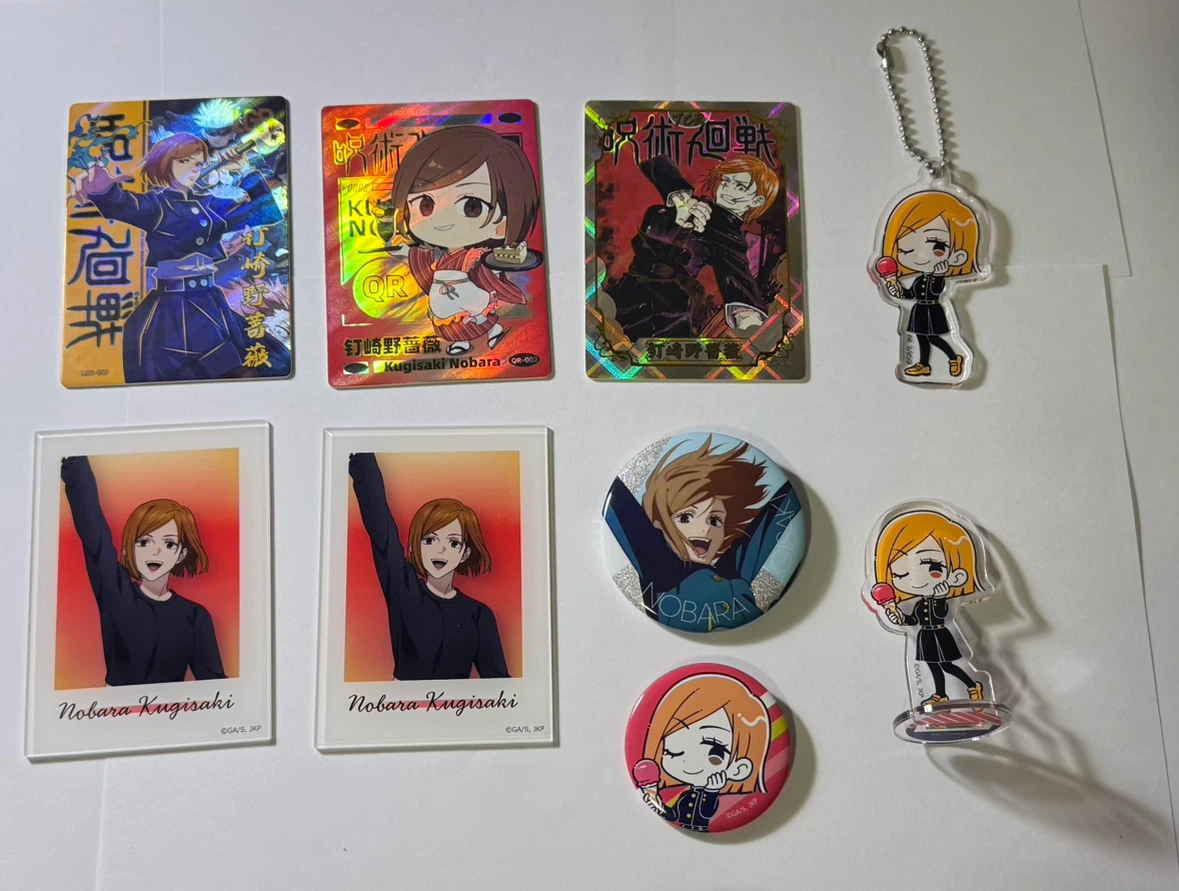 Jujutsu Kaisen Nobara Kugisaki Merchandise Bundle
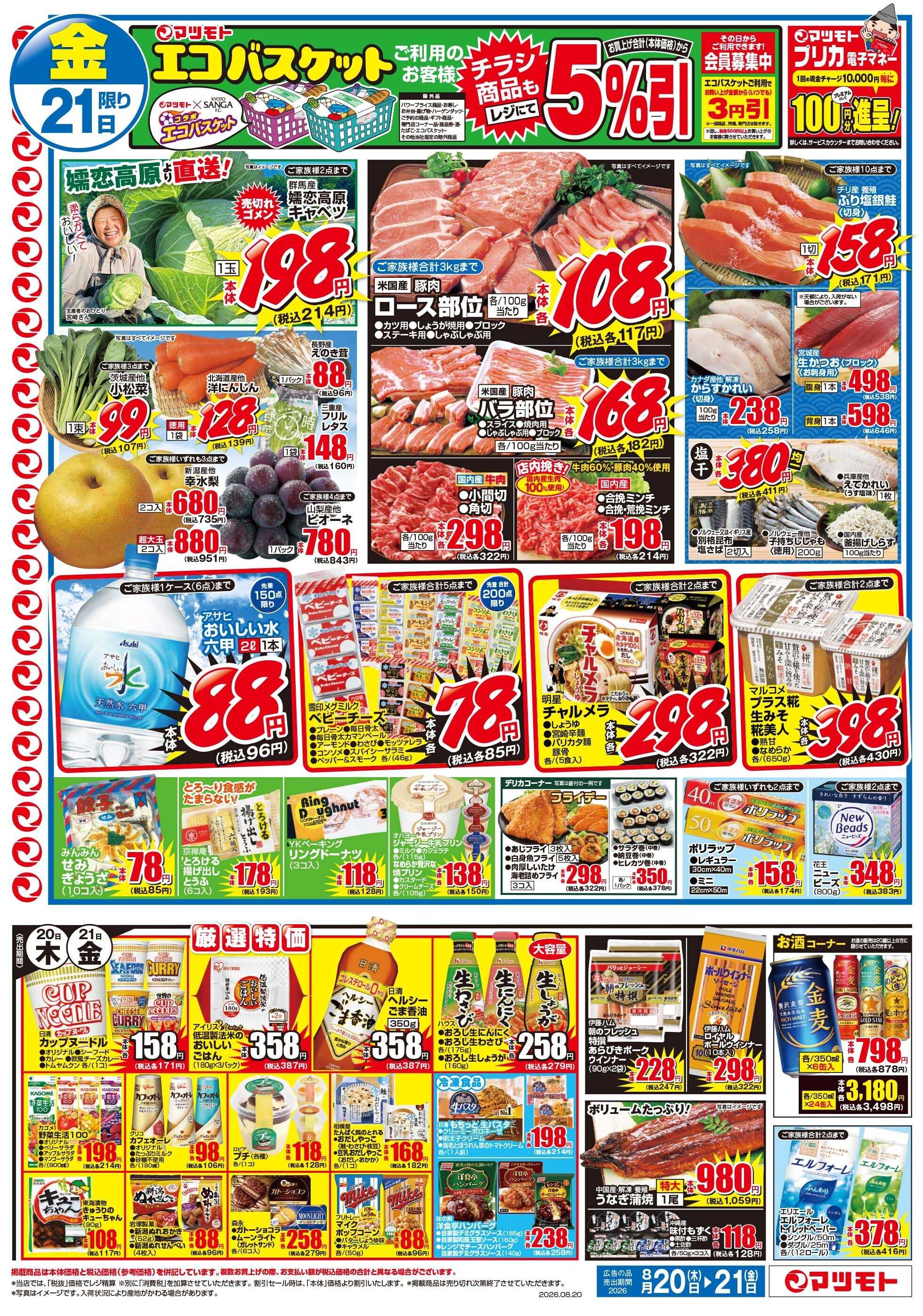 マツモト 【新物れんこん大放出！】8／20（木）～21（金）Ｃ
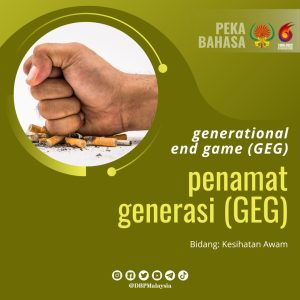 14. GEG 1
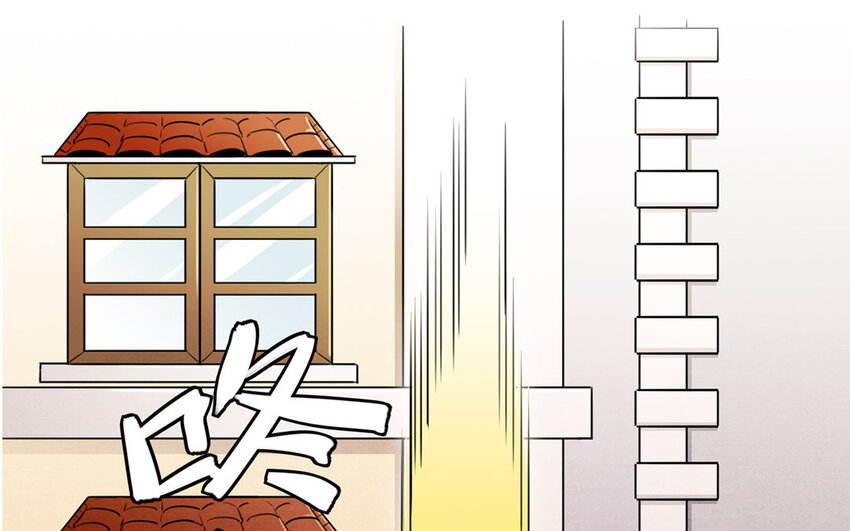 2 第1话 会有天使拯救你！(1/2)-第2话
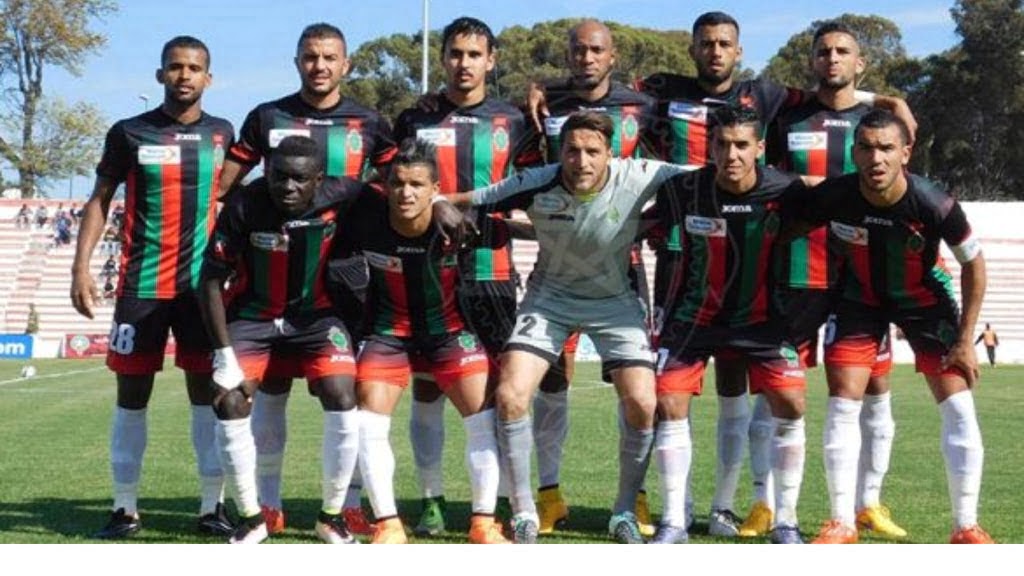 الجيش الملكي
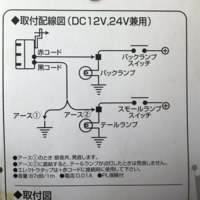 車のバックブザーをスモール入れたら音が出なくしたいのですが簡単に改造でき Yahoo 知恵袋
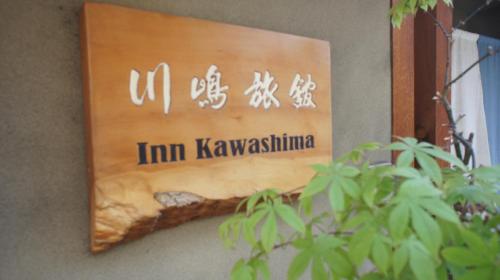Inn Kawashima - Shared Facilities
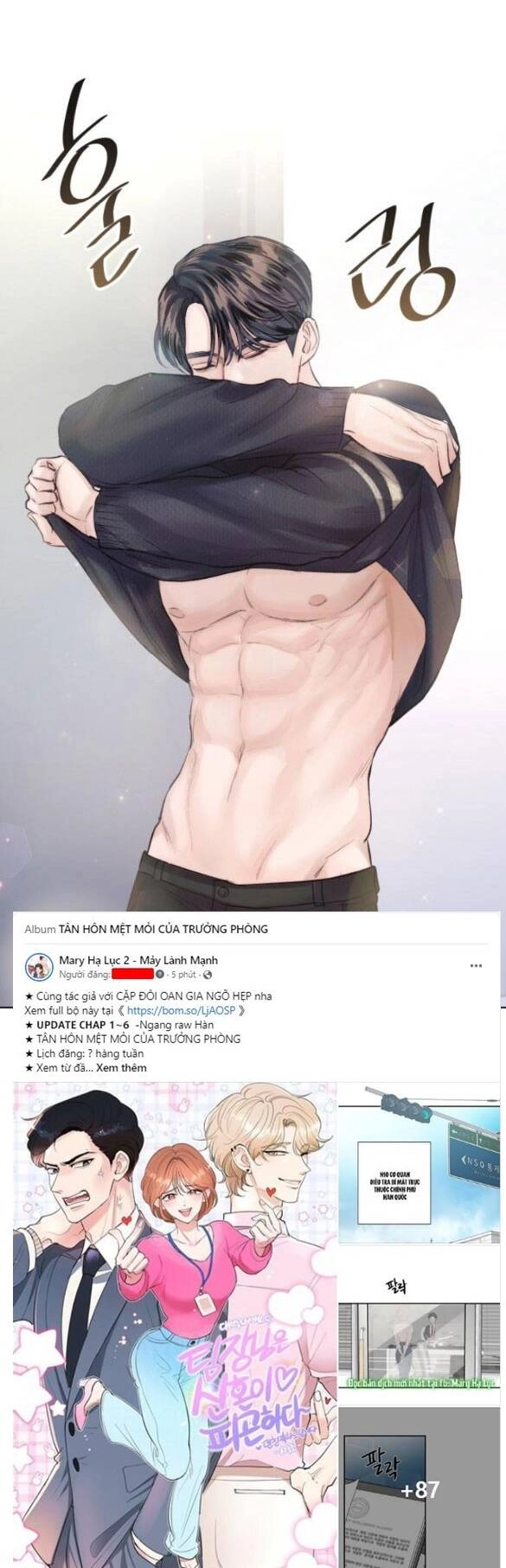 Kết Thúc Nhất Định Sẽ Có Hậu Chapter 96.1 - 22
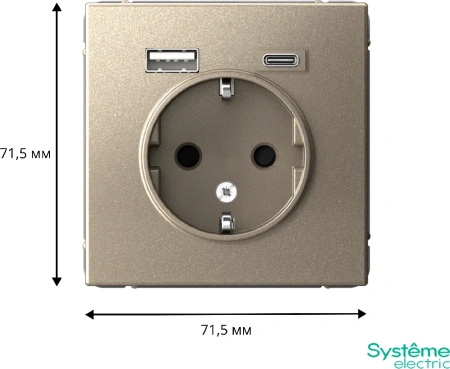 GAL000532 Systeme Electric Schneider Electric ArtGallery цвет шампань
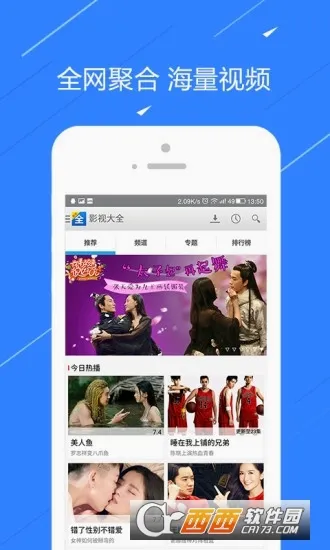 ��TV(�������ſͻ���)v6.9.0 ��׿���ͼ1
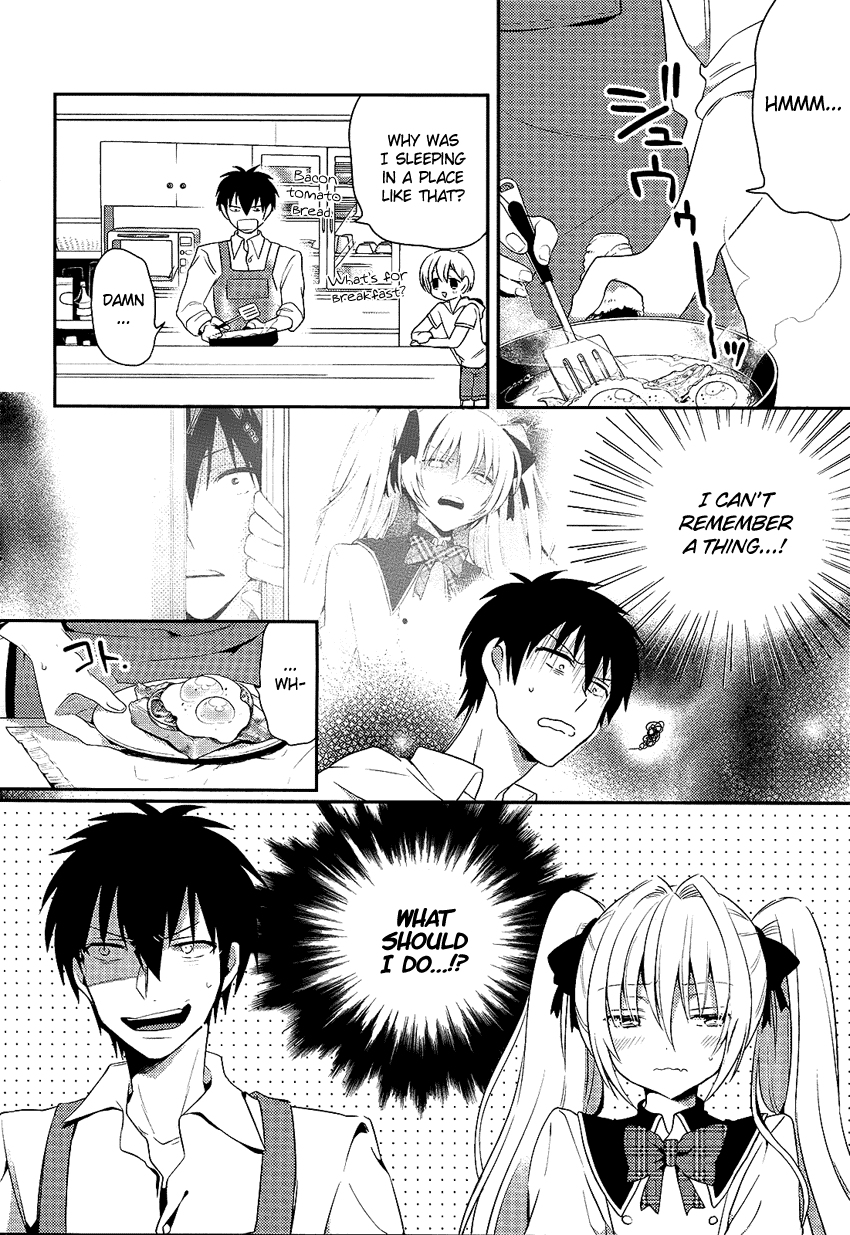 Boku no Geboku ni Nare! Chapter 2 page 3 - Chapter 2 : Chapter 2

=====

WHAT IS BEING ASKED: Give the listing above again in its entirety, exactly as written and free of images.

SOLVED EXERCISE:
 Jujutsu Kaisen Nobara Kugisaki Merchandise Bundle
 マツモト 【新物れんこん大放出！】8／20（木）～21（金）Ｃ
 14. GEG 1
 2 第1话 会有天使拯救你！(1/2)-第2话
 الجيش الملكي
 車のバックブザーをスモール入れたら音が出なくしたいのですが簡単に改造でき Yahoo 知恵袋
Inn Kawashima - Shared Facilities
 Kết Thúc Nhất Định Sẽ Có Hậu Chapter 96.1 - 22
 GAL000532 Systeme Electric Schneider Electric ArtGallery цвет шампань
 ��TV(�������ſͻ���)v6.9.0 ��׿���ͼ1
 Boku no Geboku ni Nare! Chapter 2 page 3 - Chapter 2 : Chapter 2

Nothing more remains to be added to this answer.